Eight models,
34 million
parameters
An exploration of neural sequence generation applied to symbolic music. Evolving over the past few years from simple LSTM baselines to a Transformer architecture with BPE tokenisation.
Why
Symbolic,
not audio
Tools like Suno and Udio generate finished audio: a complete waveform, like a rendered image. You can listen to it, but you can't reach in and move a note, change a chord, or rewrite the bridge. The audio is the final product.
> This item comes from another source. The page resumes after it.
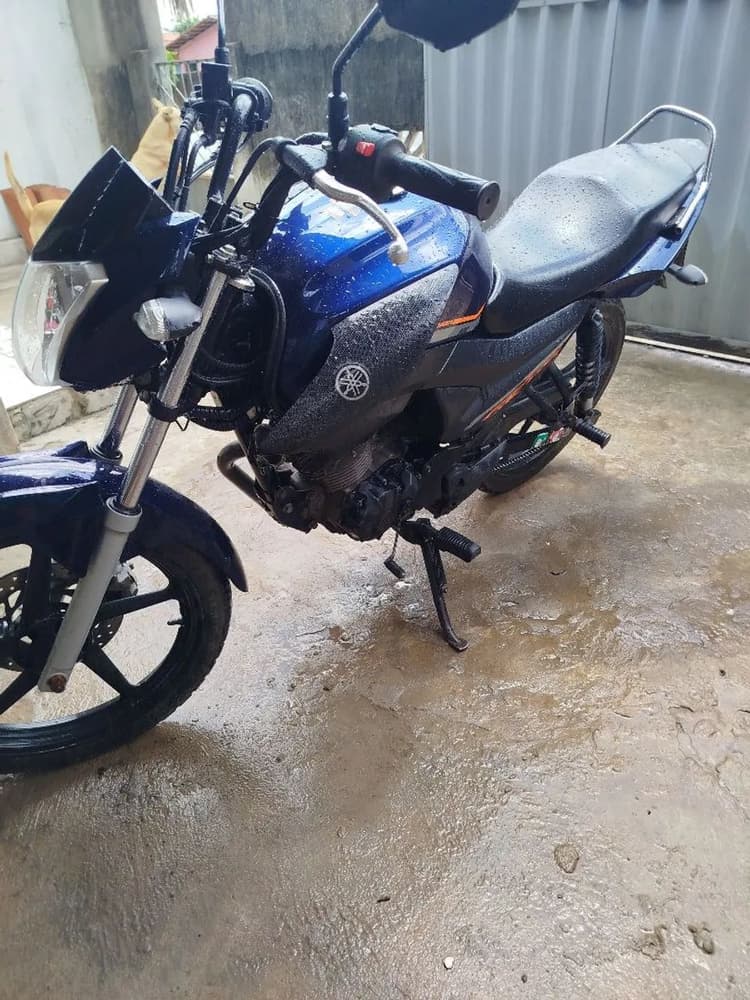 Yamaha bem novinha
This project generates symbolic music: MIDI sequences where every note is a discrete event with a pitch, a start time, a duration, and a velocity. Think of it as the difference between a screenshot and an SVG. One is flat pixels. The other is individual shapes you can select, move, and restyle. You can select individual notes, transpose sections, swap instruments, adjust timing, and drop the output straight into a DAW like Ableton or Logic as a starting point for real composition.
The model doesn't know what music sounds like. It has never heard audio. It learns structure (which notes tend to follow which, how phrases build, where tension resolves) entirely from the symbolic representation. The audio you hear on this site is just a MIDI-to-WAV render of what the model actually outputs: a sequence of tokens.
Built on research from the Music Transformer (Huang et al., 2019), the Pop Music Transformer (Huang & Yang, 2020) which introduced REMI tokenisation, and Fradet et al. (2023) on BPE compression for symbolic music. V8 trains on the MAESTRO dataset (v3): 1,276 competition piano performances.
Representation
How music
becomes tokens
Three strategies, each building on the last.
V1 was the first experiment, a simple proof of concept that's since been lost to the ether. Everything here starts from V2.
Pitch Strings
Raw pitch names and chord integers. No timing, no velocity. The model learns temporal structure purely from position.
59–1,279
tokens
REMI
Typed tokens: Bar, Position, Pitch, Velocity, Duration, Tempo, Chord, Rest. Explicit musical structure. Vocabulary dropped despite encoding more.
362
tokens
REMI + BPE
Byte Pair Encoding compresses multi-token note events into single merged tokens. More musical context per window.
512–1,024
tokens
Architecture
LLaMA-style
Transformer
8 layers. 8 attention heads. 512 dimensions. Causal masking. Weight-tied embeddings. ~34M parameters.
RoPE
Rotary positional encoding. Encodes position by rotating query/key vectors. Naturally decays attention with distance.
SwiGLU
Gated feed-forward: W₂(SiLU(xW₁) ⊙ xW₃). Three projections give finer control over information flow.
RMSNorm
Pre-norm without mean centering. Simpler than LayerNorm, empirically as effective for Transformer training.
Weight Tying
Input embeddings and output projection share weights. Fewer parameters, built-in regularisation.
Training
How the models
learn to compose
Data Pipeline
MIDI files split into train/val before augmentation to prevent leakage. Pitch shifting (±6 semitones) approximately triples effective dataset size.
Sequence Prep
Sliding window over token sequences. Sequence length 256 for Transformer (512 max context at inference), 100 for LSTM. Configurable stride controls overlap.
Optimiser
AdamW with cosine annealing (LSTM) or linear warmup + cosine decay (Transformer). Gradient clipping at norm 1.0.
Early Stopping
Best checkpoint saved by validation loss. Training halts after 10–15 epochs without improvement. V7 stopped at epoch 45, V8 ran all 100.
Inference
Controlling
randomness
0.8
0.1 – 2.0
Temperature
Divides logits before softmax. Below 1.0 sharpens the distribution (safer, more predictable). Above 1.0 flattens it (more surprising, more diverse).
50
0 – 500
Top-K
Keeps only the k highest-probability tokens. Everything else goes to negative infinity. Prevents sampling from the incoherent long tail.
0.95
0.01 – 1.0
Top-P (Nucleus)
Includes tokens until cumulative probability exceeds p. Adapts dynamically: fewer candidates when confident, more when uncertain.
Key Insights
Same architecture, different data, different vocabularies. V2–V4 share identical LSTM configs but vocabulary ranged from 59 to 1,279 tokens. Jazz chord voicings alone drove a 21x increase over R&B.
Tokenisation changed more than widening the network. V5 widened to [512, 512, 512] but kept float input and pitch-string encoding. V6 switched to PyTorch, added learned embeddings, and adopted REMI tokenisation. Vocabulary dropped from 629 to 362 while encoding timing, velocity, and dynamics.
V7 and V8 share the same architecture but differ in scale: V8 doubled BPE vocabulary to 1,024 and trained on 6x more data. V7 early-stopped at epoch 45 with best val loss 0.0952; V8 ran all 100 epochs.